No analysis of Keaton’s personality can be discussed without his attitude towards acrobatic gags. He was surely a superior comic in this activity and was daring in executing some of the most spectacular comic tricks of all time. In early days he padded himself and doubled for Fatty Arbuckle, executing falls from trains and so forth. Many thought that he was crazy, especially in Steamboat Bill Jr., with only a 3 inch clearance around him to have a 2 ton house front collapse over him like a giant fly-swatter.
Unfortunately, Keaton’s artistic integrity was not linked with a strong business sense. Chaplin and Lloyd had a combination of these qualities that helped them retain control of their productions and kept the merit of their films on a high level until nearly the end of their careers. Late in the 20’s Keaton’s films began to wane in quality when he lost control of the total creative process.

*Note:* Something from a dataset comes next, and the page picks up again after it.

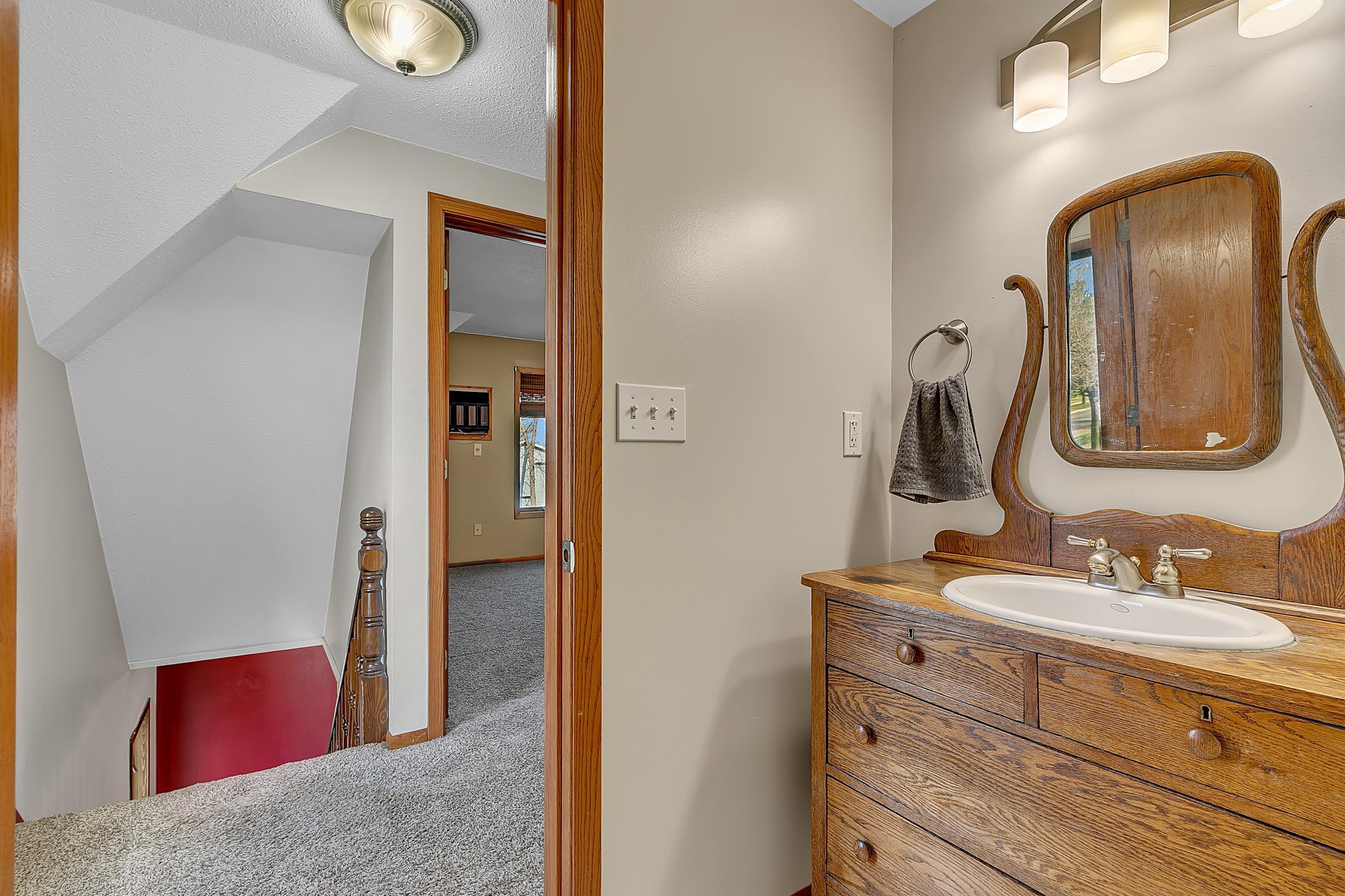 Upper level three-quarter bathroom featuring a custom vanity!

In the late 20’s Keaton gave up his production company and moved to M.G.M. in what he eventually considered to be the worst mistake of his career. He made his first feature for them called The Cameraman. The films he started to do did well but Keaton wanted to develop his own material. The studio felt that the material he wanted to develop was dated and that slapstick was undignified and unsuited to the modern sound picture. Irving Thalberg had bought a story for Buster and had assigned comedienne Charlotte Greenwood as leading lady. It was the 1917 Broadway hit Parlor, Bedroom and Bath. Buster took it well but with reservations. He told the studio that it was not his type of picture but put his all into it. A lot of critics, American and foreign alike, questioned M.G.M.’s judgement. Most of the film was made on location in Keaton’s Beverly Hills home where he also did the foreign versions of the same picture (a German version called Casanova wieder Willen and a French version Buster so marie). Some of the shots of his fine place add something that the picture would have lacked if it had been shot on a studio sound-stage. Keaton wanted authentic locales, costumes and props in the execution of his stories.
Both Lloyd and Keaton had great admiration for each other. Keaton once said of Lloyd that he found him a great picture man, “an experimenter”. Lloyd had also admired Keaton’s ability to spin an excellent comic tale. Both were most anxious to create the best stories for their characters. The story always took priority, with the actor next.